Birisi Kahraman Tâhirî ve İnebolu ve Kastamonu kahramanlarından aldığınız teberrüklerin tevafukunu bahseden..
İkincisi: Bizlerin sa’y ü gayretlerini arttıran bu mübarek aylarda beş vecihle sevap kazandıran Zülfikâr Mu’cize-i Kur’anî ve Ahmed’i’ye çalışmamıza dair müjde ve beşaretleriniz..
Üçüncüsü: Canlı canlı mektubunuz olan Kahraman Tâhirî Ağabeyimin bu mektuplarla beraber gelerek, bir akşam hanemizde kalarak, siz sevgili Üstadımız Hazretlerinin karşıdan selamlaşmalarınızla cismen bizimle görüştürür gibi bu âciz pür-kusur talebenizi tarifinde aciz bir derecede memnun ederek bu mükerrer tebriklerin bir günde gelmesini hakkında büyük bir nimet bilerek kabül ettim. Cenab-ı Hak her ikinizden ebediyen razı olsun. Âmin.

Sevgili Üstadım! Biz, mübarek nurlarınızı burada ümmi talebeniz Çilingir vasıtasıyla herkese hatta her eve ulaştırıp okutmakta ve neşrine çalışmaktayız ve nurlar takdir edilmektedirler. Cenab-ı hakkın lûtfu ve siz sevgili Üstadımızın dua-i himmetleri ve nurların tesiriyle Cenab-ı Hak bizlere yoldaş verip bu hafta iki tane Asâ-yı Mûsa siz sevgili Üstadımızın mübarek elleriyle tashih ettiğiniz bir müsveddeden tashih ediyoruz.
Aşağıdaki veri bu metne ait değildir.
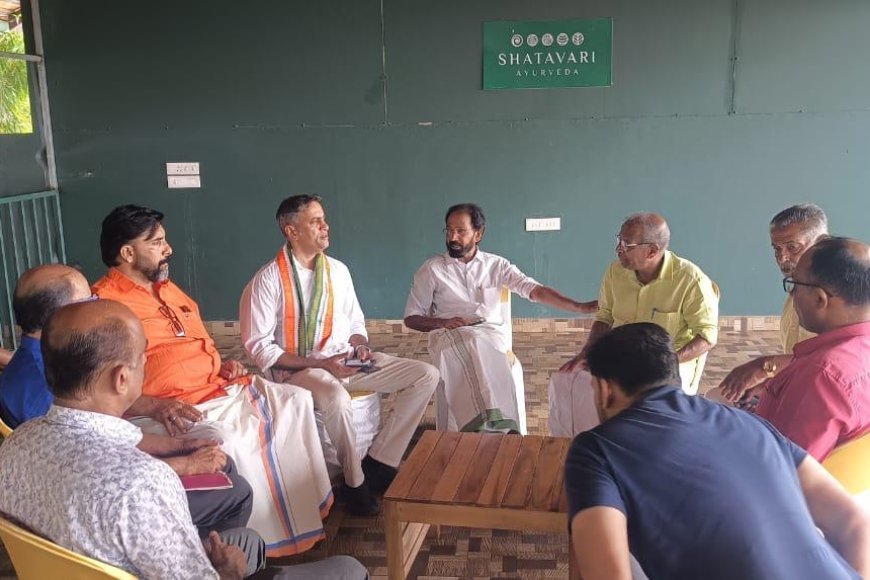 ವಯನಾಡು;ಮಾನಂದವಾಡಿ ಮತ್ತು ಸುಲ್ತಾನ್ ಬತ್ತೇರಿ ವಿಧಾನಸಭಾ ಕ್ಷೇತ್ರದ ಕಾಂಗ್ರೆಸ್ ನಾಯಕರೊಂದಿಗೆ ಚುನಾವಣೆಯ ಬಗ್ಗೆ ಚರ್ಚೆ ನಡೆಸಿದ ಶಾಸಕ‌ ಎಎಸ್ ಪೊನ್ನಣ್ಣ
Ve bu arada tashih için gelecek arkadaşlarım gelinceye kadar da ikinci vazife Zülfikar’ı yazıyorum. Onuncu Söz zeyliyle ve Yirmibeşinci Söz zeyilleriyle beraber hemen bitmek üzere. Yetmiş sayfa kadar bir şey kaldı. Ondan sonra Ondokuzuncu Söz’ü Cenab-ı Hakkın müsadesiyle ve dualarınız himmetiyle bu mübarek şuhurlarda hitam buldururum inşallah.

Sevgili Üstadım! Senelerden beri Nur içinde bulunduğum halde ve bütün ömrümü ona sarf edip hattâ başka eski güzel tefsir görüp içerisinde bazı ihtiyaç görülen mes’ele olup okunması lâzım iken, dikkatin zayi’ olmaması için Risale-i Nur’dan anladığım ve aldığım feyiz kâfi diye onları okumaya bile vakit geçirmediğim halde Nurları takdirime dair kalemim kalbimdeki takdir ve tahsinlere tercümanlık yapıp hiç bir vecize yazamamaklığım ve bir kısım yeni kardeşlerimin mektublarındaki güzel tahsinler görüp kendimi Risale-i Nur’dan uzak görüp bu güzel Nurlar kalbimde bir ilham açmayıp, açtı ise de kalemim tercüman olamadığına müteessir oluyorum. Anlıyorum ki; her kardeşim terakki edip, kendimi de tedennide görüyorum. Risale-i Nur’dan aldığım izahla ben kendime yine büyük bir lütuf olduğunu anlayarak kabul ediyorum. Çünki sıhhatım yâr olsa idi ben de bir kısım emsalim gibi mübarek Nurların kevser şerbetlerini siz sâkî olan sevgili Üstadımdan alıp sizlerle temas edemezdim, biliyorum. Bu kusurlu talebeniz fakir aileye mensub, ibtidaiye tahsilimden başka tahsilim olmayıp, onbeş-onsekiz senedir de mariza-i bedenimin şiddetli ızdırabları yüzünden ve tahsilin açtığı fikir ve zekâ kapıları kapanıp bilgilerimi unutmuşum. Şu on senedir de bulunduğum haneden bir tarafa çıkamayıp, anlamak istediğim müşkillerimi anlamak için hiç bir âlimin yanına varamıyorum. Allahıma şu dünyadaki bütün zerratlar adedince hamdolsun, şu zamanın hattâ mazi ve müstakbelin de en büyük ve en mühim üleması olan Risale-i Nur’u bizlere bahşetmiş.”